Monday, August 29, 2011

New version of evol.vcv()

Ok, I just posted a new version of evol.vcv() - direct link to code here. The main new feature of this version (v0.2) is that it also computes the variances of the parameter estimates. (The standard errors can then just be computed by taking the square roots.) These variances come from the matrix of partial second derivatives of the likelihood surface at the optimum (i.e., the curvature of the surface), also known as the Hessian matrix. The intuitive relationship between the curvature of the likelihood surface and the uncertainty of our parameter estimates is quite straightforward: if the likelihood surface is very flat (low curvature), then the uncertainty in our parameter estimates is large; conversely if the likelihood surface is very peaked at the optimum (i.e., high curvature), then this implies that uncertainty in our parameter estimates is low.

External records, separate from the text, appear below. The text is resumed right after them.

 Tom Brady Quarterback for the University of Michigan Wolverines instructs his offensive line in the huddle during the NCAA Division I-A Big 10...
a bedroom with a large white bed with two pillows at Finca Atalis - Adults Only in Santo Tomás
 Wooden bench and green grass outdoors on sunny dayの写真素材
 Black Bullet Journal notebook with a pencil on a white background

This function (that is, evol.vcv()) implements the method of Revell & Collar (2009) and was also described in a prior blog post.

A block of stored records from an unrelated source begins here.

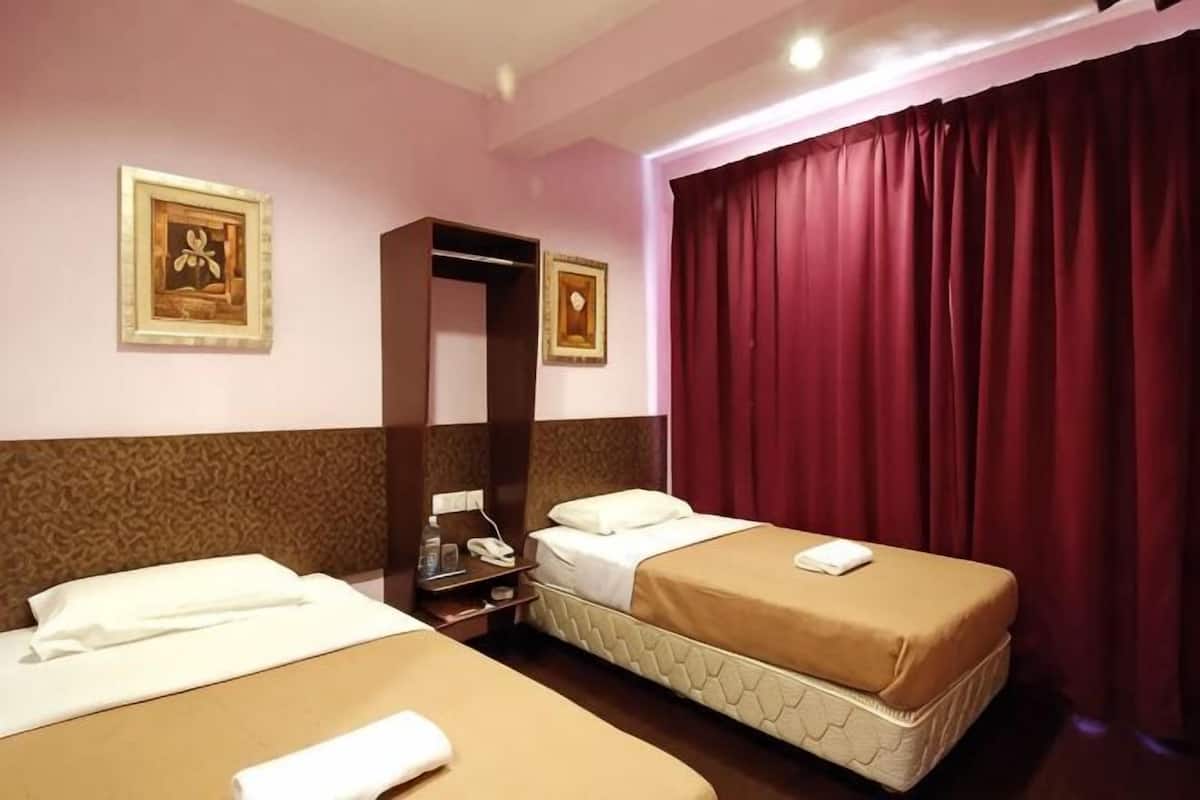 Een hotelkamer met twee bedden, een kledingkast, een spiegel en een rood gordijn.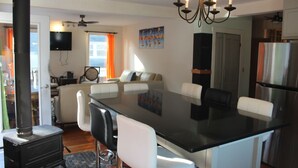 A modern kitchen with a central island, white chairs, a black countertop, and a chandelier.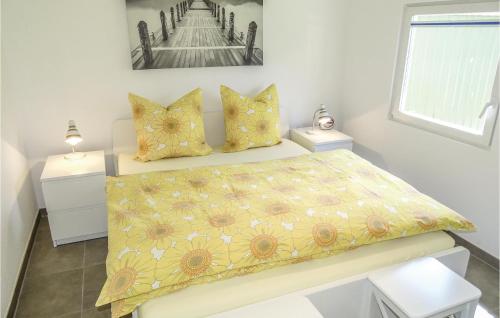 ein Schlafzimmer mit einem Bett mit gelber Bettdecke und Kissen in der Unterkunft Lovely Home In Insel Poel With Kitchen in Insel Poel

In R, normally obtaining the Hessian matrix is easy because the built-in optimizer, optim(), optionally returns its value. Unfortunately, as I outlined in a previous post, this would not do for evol.vcv() because in this function I actually optimized the likelihood with respect to the Cholesky matrices rather than the evolutionary variance-covariances themselves. This was done for computational reasons because the evolutionary variance-covariance matrices (called "rate matrices" in our paper) are subject to annoying constraints which mean that for most random values the likelihood cannot be computed.

The solution, which I figured out yesterday and then implemented today, was to optimize with respect to the Cholesky matrices (as before) - but then differentiate the likelihood surface for the full VCV matrices at the optimum using hessian() in the "numDeriv" package (CRAN page here). This seems to work - and this analysis is implemented in v0.2 of evol.vcv() on my R phylogenetics page. This will also be included in the next version of "phytools".

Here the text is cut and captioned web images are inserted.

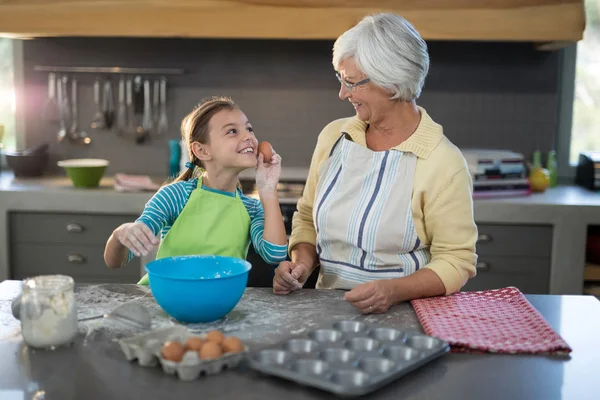 Granddaughter showing eggs to grandmother and smiling — Stock Photo, Image
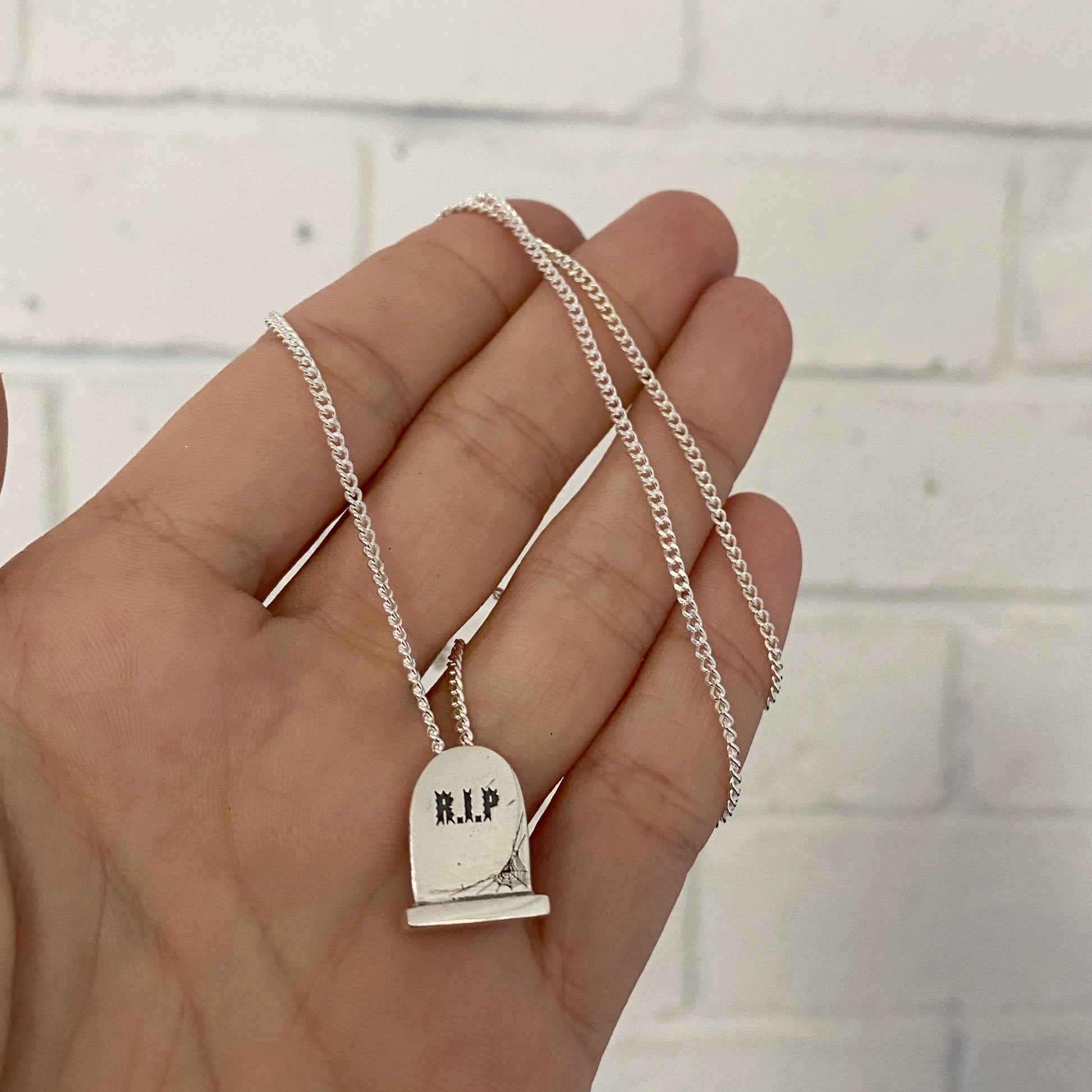 Headstone Necklace.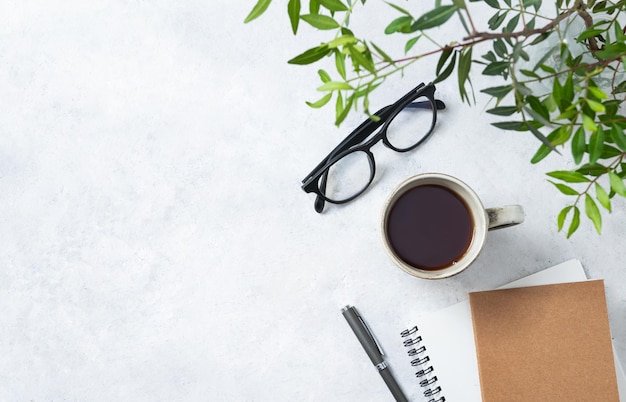 Tasse à plat de thé artisanal bloc-notes stylo et lunettes sur un fond clair avec des branches vertes gros plan Concept féminin de printemps Vue de dessus et espace de copie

The variances are not computed by default. To get them, load the present version from source:

> source("http://faculty.umb.edu/liam.revell/phytools/evol.vcv/v0.2/evol.vcv.R") # this should work
> result<-evol.vcv(tree,X,vars=TRUE)

for SIMMAP style tree and data matrix X. Good luck, and please report if this function seems to work properly or not.

1. Note that it is also necessary to install the "numDeriv" library.

2. Liam, It works! This is a nice addition to the function.

3. Thanks Dave. I still want to subject this to more testing - just to make sure that it is doing what it is supposed to be doing - but thanks for the report!

4. Hey Liam, I am running this function for a set of stochastic character histories obtained from SIMMAP, and I occasionally get negative variances for the parameter estimates. I am fitting one and two rate matrix models for three traits and two phylogenetic partitions. Any idea why this is happening?

5. Hi Dave. Thanks for sending me your data & tree for this.

I have been working on this all morning & there is no clear "bug" (in the traditional sense), in that everything seems to be computing correctly. However, the negative variance implies positive curvature of the likelihood surface at the optimum. (This is concerning since at the optimum curvature should be negative.)

In your example, it is possible that the curvature is just very flat for the parameter in question and thus the optimizer effectively ends up in a very slightly positively curved location on the likelihood surface in that dimension. I will try different starting values to suss this out.

- Liam

6. I have noticed an association between negative variances and unusually large magnitude parameter estimates. (By unusually large, I mean relative to estimates for that parameter on trees/stochastic character maps). Could a flat likelihood curve also explain these extreme parameter values?

I should also note, though, that for each case, evol.vcv tells me that the "Optimization has converged."

7. Hi Dave. That sounds like a good guess. I will try different starting values and see if the optimization "converges" to a different optimum. - Liam

8. This might be a silly question, but under the 1 vcv matrix case what exactly is being optimized? When going through the code it seems that the vcv matrix is calculated in the "Compute the MLE of R" step. I can't seem to compute the log-likelihood (from the cholesky matrices) because p <- dim(C)[3] gives NA, in my case C is a 5X5 matrix.